Check out one of Mark Bittman’s latest cookbooks, Kitchen Matrix. It’s a great visual cookbook that fans of Bittman will enjoy.
A description of the book from the publisher:
Bestselling author Mark Bittman anthologizes his popular Matrix series in a boldly graphic new cookbook that emphasizes creativity, improvisation, and simplicity as the keys to varied cooking.
For years, Mark Bittman has shared his formulas, recipes, and kitchen improvisations in his popular New York Times Eat column, in which an ingredient or essential technique is presented in different variations in a bold matrix. Accompanied by striking photographs and brief, straightforward instructions, these thematic matrices show how simple changes in preparation and ingredient swaps in a master recipe can yield dishes that are each completely different from the original, and equally delicious. In Mark Bittman’s Kitchen Matrix, Mark’s matrices come together to create a collection of over 400 flexible recipes covering vegetables, fruits, meats and chicken, and even desserts. Whether you’re cooking up soup (creamy, brothy, earthy, or hearty), freezing ice pops (in fruity, savory, creamy, or boozy varieties), or preparing asparagus (steamed, roasted, stir-fried, or grilled), following Mark’s approach to culinary improvisation will deliver stand-out results.
As usual, my five point review:
- I have been a fan of Mark Bittman for awhile. I enjoyed his column in The New York Times, and of course his How to Cook Everything series is great. His views [along with Michael Pollan’s] on the American diet, processed food, and cooking have shaped my food philosophy quite a bit over the past seven years. I like Bittman’s approachable style, and the flexibility he gives to home cooks. For those of you not familiar with his cookbooks, they are recipes that contain lots of suggestions [i.e. for this rice dish, use these ingredients to make it Asian style, these to make it Italian, etc.]. I know newer cooks [or those who don’t like to be told what to do] really benefit from that approach. Kitchen Matrix is no different.
- Kitchen Matrix is only about 300 pages long, but it has over 700 simple recipes in it that everyone, no matter their food style [paleo, omnivore, vegetarian, etc.] will love. Wow! The size, like all his cookbooks, is a little overwhelming but he breaks down the categories of recipes well–appetizers, vegetables, meat, fruit, etc. In many ways, this could be a replacement “bridal shower” cookbook for creative types instead of the typical Betty Crocker title.

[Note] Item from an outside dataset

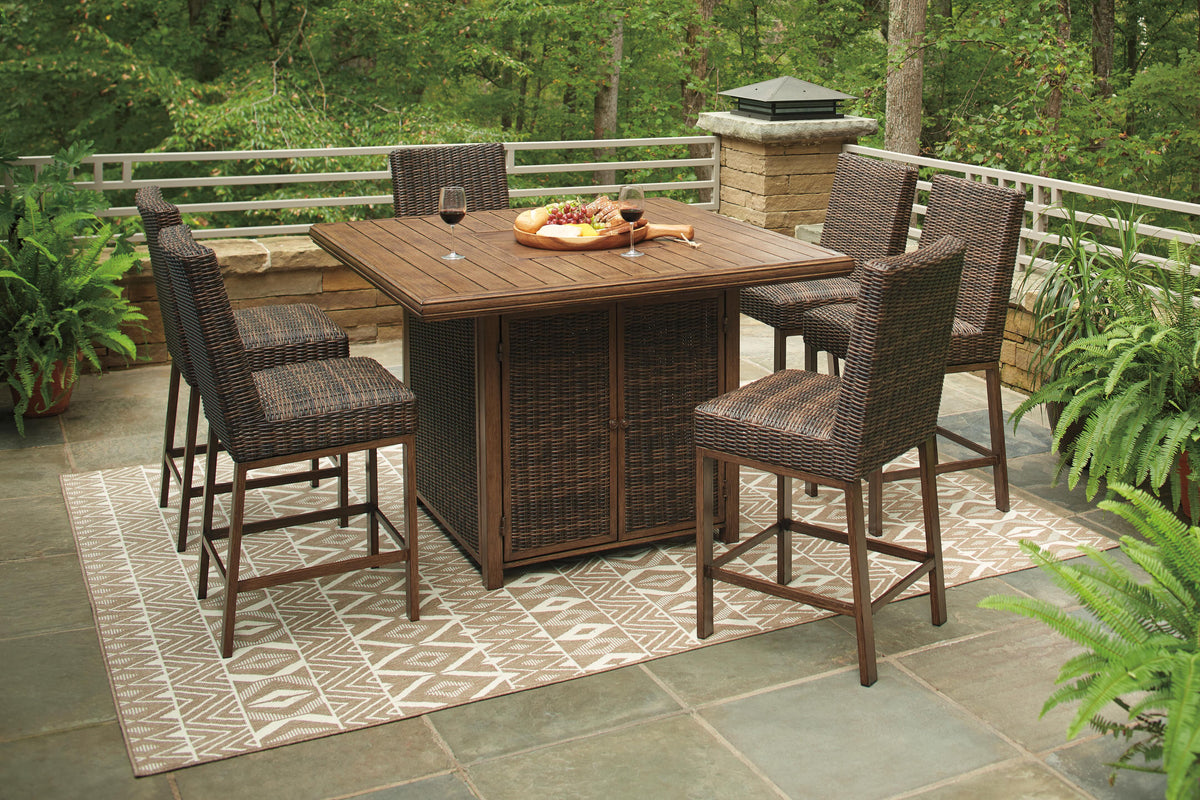 Paradise Trail Outdoor Bar Fire Pit Table with 6 Barstools (P750-SI) - Image 6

- This cookbook is by far the prettiest of any of his books. It looks more like a blog than a cookbook, with tons of full color illustrations, recipes, and commentary. It is so fun to just look at, even if you don’t plan to cook anything! You also can learn quite a bit about flavor pairings, ingredients, and basic cooking skills within this book as well. Bittman generally provides flavor profiles beyond just the “American” palate, including profile options for Mediterranean, East Asian, South Asian, and Latin American cuisine.
- The layout of Kitchen Matrix does take some getting used to. Pages are oriented both ways [left to right and top to bottom]. Some recipes aren’t given in typical recipe format, but rather in paragraphs. But neither of these elements are deal breakers for me!
- Overall, this is a great cookbook. I pull it out when I want to get creative in the kitchen, or when I have basic ingredients on hand and don’t know what I should make for dinner or for a side dish. For me, it’s not the best cookbook to go to when I don’t have any inspiration at all because it definitely is a bit open ended, but it’s a fun cookbook to have on hand.
Disclosure: I received a complimentary copy of this book from Blogging for Books. However, I was not required to write a positive review. The thoughts expressed above are entirely my own. Thanks to for the chance to read this great book!